たまたま文芸春秋の別冊とトップポイントという主にビジネス書のダイジェスト誌に「幸福論」についての特集がなされていたので、少しこの方面についての私見を書き述べておきたい。

所謂「幸福論」というものは、主に西洋の哲学者から論じられている書物が多く、東洋思想にはあまりそれらしいものは見られない。
強いて言えば論語くらいのものであろうか。
それでも正面切って「幸福」について述べたてている思想書では無い。
「幸福」という概念は、主にキリスト教的なもの、西洋哲学的なものであるらしい・・・。

日本の著作物でも確か三木清の「幸福論」があるくらいだ。
西洋人の書物ではアラン、ヒルティ、バートランド・カッセルのものが知られている。
さらにヘーゲルとかニーチェとかの哲学書も幸福についての意見をそれぞれ持っておられるようだ。

文芸春秋の特集号「ゼロから始める『幸福論』」をざっと通読してみると何だか逆に不幸になったような気分がするから奇妙だ。
人間を幸福にしない「幸福論」だ。
・・・少なくとも筆者にとっては。

辞書を引くと「幸福」とは「すべてのことに満ち足りていて心おだやかなこと」「不自由や不満もなく心が満ち足りていること」とあるそうだ。

ナルホド。
文言で表現するとそんなものであろうと思えるけれども、あろうことか東大卒の銀行マンで有名なシンガーソングライターのO氏などこの定義すらも批判しておられた。

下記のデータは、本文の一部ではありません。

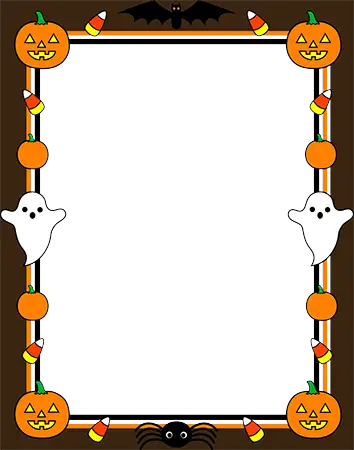 Фоторамка - Halloween border with ghosts and pumpkins
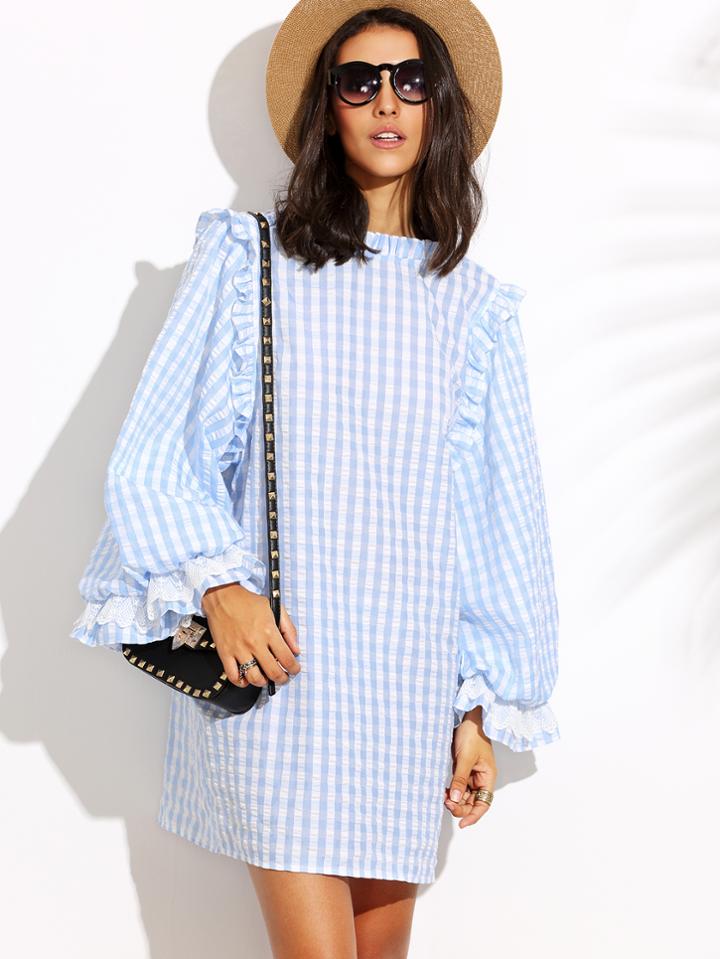 Shein Blue Plaid Bell Sleeve Shift Dress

このO氏によると、人間が完全に満ち足りることはないそうである。
何故なら人間の欲望には限界がないから・・・とのこと。
・・・であるから氏によれば、幸福は「見果てぬ夢」であるということになる。

これは幸福というものを「欲望満足」中心に考えるからそう思えるのであって、そういう傾向の無い人、即ち世間的、外面的欲望の希薄な人々にとっては無限の欲望満足と幸福とは無関係に「感じ取れる」ものではないかと思える。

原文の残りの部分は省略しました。